§ TASK DESCRIPTION:
Write the data out again exactly, with no pictures.

===== DATASET CONTENT

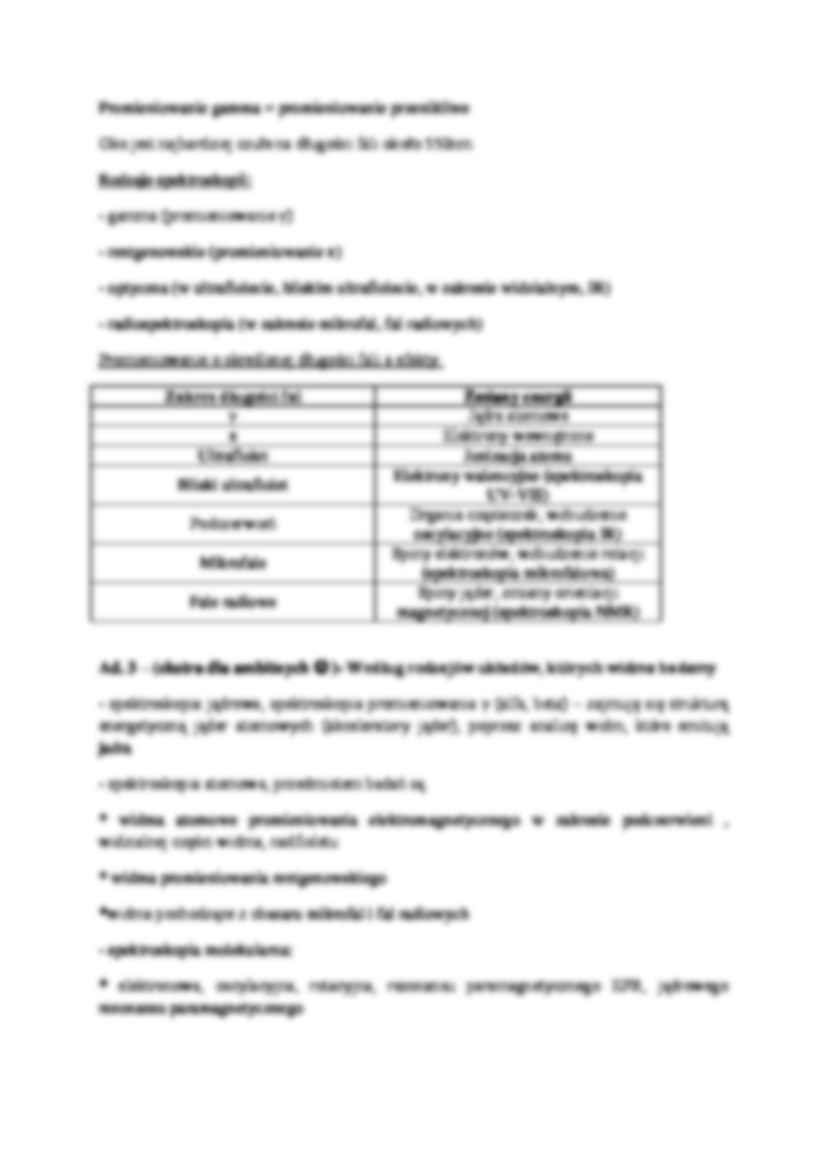 Spektroskopowe metody identyfikacji związków - opracowanie pytan1 - strona 2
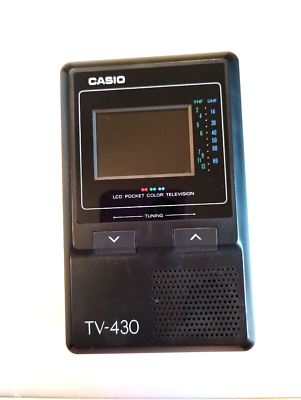 Vintage Casio TV Color LCD 430 Portable Handheld Travel Pocket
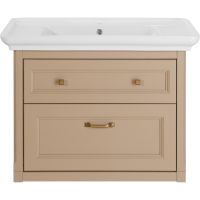 Товар: Комплект мебели для ванной ASB-Woodline Толедо 85 Капучино - фото 4 Комплект мебели для ванной ASB-Woodline Толедо 85 Капучино — фото 4, Мебель для ванной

==========

§ TASK RESULT:
 Spektroskopowe metody identyfikacji związków - opracowanie pytan1 - strona 2
 Vintage Casio TV Color LCD 430 Portable Handheld Travel Pocket
 Товар: Комплект мебели для ванной ASB-Woodline Толедо 85 Капучино - фото 4 Комплект мебели для ванной ASB-Woodline Толедо 85 Капучино — фото 4, Мебель для ванной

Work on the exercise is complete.